A Anvisa considerou que as categorias de produtos infantis são de baixo risco por natureza e são dispensadas de registro na maior parte do mundo. A isenção de registro para as categorias de HPPC infantis não diminui entretanto, os requisitos técnicos e de responsabilidade que devem ser atendidos pelos fabricantes, assim como, atender aos requisitos técnicos estabelecidos pela Anvisa.

“Essa medida deverá incrementar ainda mais o mercado de produtos infantis, que já é o 3° maior mercado do mundo”, disse João Carlos Basílio, presidente da Abihpec – Associação Brasileira de Indústria de Higiene Pessoal, Perfumaria e Cosméticos.

De acordo com a consultoria Euromonitor, o segmento passou de vendas anuais de R$ 2,7 bilhões em 2011 para R$ 3,9 bilhões em 2016, um crescimento de 45,6% em cinco anos.
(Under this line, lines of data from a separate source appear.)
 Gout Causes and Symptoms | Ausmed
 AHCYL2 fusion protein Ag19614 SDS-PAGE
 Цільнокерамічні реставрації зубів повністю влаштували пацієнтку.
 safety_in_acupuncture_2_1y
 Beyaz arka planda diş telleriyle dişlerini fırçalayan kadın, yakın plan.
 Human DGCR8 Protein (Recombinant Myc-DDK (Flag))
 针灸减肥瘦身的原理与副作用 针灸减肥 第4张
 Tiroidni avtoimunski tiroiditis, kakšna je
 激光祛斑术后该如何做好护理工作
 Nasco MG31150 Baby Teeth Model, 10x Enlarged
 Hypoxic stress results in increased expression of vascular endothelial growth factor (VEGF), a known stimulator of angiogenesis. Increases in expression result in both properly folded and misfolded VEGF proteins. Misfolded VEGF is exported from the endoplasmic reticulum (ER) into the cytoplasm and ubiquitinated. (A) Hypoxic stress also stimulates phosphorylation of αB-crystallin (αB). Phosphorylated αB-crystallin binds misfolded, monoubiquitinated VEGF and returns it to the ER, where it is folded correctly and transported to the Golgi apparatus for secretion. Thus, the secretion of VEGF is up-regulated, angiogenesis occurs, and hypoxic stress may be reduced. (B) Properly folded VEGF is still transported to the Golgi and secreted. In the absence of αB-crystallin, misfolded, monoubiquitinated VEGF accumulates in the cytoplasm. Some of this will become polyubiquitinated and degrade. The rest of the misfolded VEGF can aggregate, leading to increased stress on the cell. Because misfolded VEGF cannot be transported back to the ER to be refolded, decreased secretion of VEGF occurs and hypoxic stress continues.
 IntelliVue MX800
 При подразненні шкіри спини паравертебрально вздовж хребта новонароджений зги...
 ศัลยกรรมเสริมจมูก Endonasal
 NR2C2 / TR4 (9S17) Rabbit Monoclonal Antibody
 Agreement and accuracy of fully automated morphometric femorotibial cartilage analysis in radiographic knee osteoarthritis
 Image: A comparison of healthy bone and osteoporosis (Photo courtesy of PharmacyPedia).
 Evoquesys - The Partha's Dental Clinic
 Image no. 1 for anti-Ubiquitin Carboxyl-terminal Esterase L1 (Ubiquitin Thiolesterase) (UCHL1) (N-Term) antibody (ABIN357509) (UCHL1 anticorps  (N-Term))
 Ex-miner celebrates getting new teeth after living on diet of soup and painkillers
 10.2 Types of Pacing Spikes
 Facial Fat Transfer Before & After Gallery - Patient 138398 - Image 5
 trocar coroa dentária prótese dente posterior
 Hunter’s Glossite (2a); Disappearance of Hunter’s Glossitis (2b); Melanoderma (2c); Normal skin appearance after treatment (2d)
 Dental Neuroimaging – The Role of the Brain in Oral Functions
O consumo aumentou até nos últimos dois anos, de crise.

Para as empresas a mudança será um facilitador, já que os registros podem ser regularizados online pelo Sistema de Automação de produtos cosméticos (SGAS), criado pela Agência especificamente para os HPPC.

Para os produtos que já estão no mercado, portanto antes da vigência das novas regras, as empresas fabricantes têm até o final da validade do atual registro para fazer o recadastramento como isento no SGAS. As empresas que pretendem realizar novas regularizações de produtos de HPPC infantis, desde o último sábado, dia 15 passam a fazer uso do SGAS.

A Regra é válida somente para itens de higiene e perfumes infantis, com exceção de repelentes de insetos e os protetores solares, que permanecem sujeitos ao registro.